▶ **DESCRIPTION OF THE TASK**: Among the records that follow, set down only the lines from the one containing "BTArtbox Press On" to the one containing "Marella Tweed Single", both included, exactly.

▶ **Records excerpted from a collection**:
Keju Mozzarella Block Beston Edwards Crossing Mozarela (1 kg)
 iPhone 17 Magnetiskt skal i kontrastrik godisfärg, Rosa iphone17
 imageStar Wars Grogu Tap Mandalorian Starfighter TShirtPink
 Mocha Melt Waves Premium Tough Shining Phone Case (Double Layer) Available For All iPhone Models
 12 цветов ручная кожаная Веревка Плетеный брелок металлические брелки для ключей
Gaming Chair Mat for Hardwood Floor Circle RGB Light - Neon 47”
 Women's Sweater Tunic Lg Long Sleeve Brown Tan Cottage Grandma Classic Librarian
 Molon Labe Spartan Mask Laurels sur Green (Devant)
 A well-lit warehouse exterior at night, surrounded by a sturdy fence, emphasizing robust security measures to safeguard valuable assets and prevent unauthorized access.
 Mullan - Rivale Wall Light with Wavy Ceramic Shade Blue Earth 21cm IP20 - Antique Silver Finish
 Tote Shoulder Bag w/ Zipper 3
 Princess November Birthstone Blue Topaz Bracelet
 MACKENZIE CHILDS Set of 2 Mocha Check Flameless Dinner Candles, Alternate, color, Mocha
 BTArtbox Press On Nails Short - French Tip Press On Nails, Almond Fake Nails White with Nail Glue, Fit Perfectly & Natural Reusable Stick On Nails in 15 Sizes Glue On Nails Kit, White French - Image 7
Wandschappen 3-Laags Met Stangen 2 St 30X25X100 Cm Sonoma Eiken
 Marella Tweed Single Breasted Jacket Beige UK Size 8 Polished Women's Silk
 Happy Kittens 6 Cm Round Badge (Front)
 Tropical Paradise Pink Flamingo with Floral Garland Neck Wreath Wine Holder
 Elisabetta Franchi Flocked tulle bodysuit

▶ **RESULT OF THE EXERCISE**:
 BTArtbox Press On Nails Short - French Tip Press On Nails, Almond Fake Nails White with Nail Glue, Fit Perfectly & Natural Reusable Stick On Nails in 15 Sizes Glue On Nails Kit, White French - Image 7
Wandschappen 3-Laags Met Stangen 2 St 30X25X100 Cm Sonoma Eiken
 Marella Tweed Single Breasted Jacket Beige UK Size 8 Polished Women's Silk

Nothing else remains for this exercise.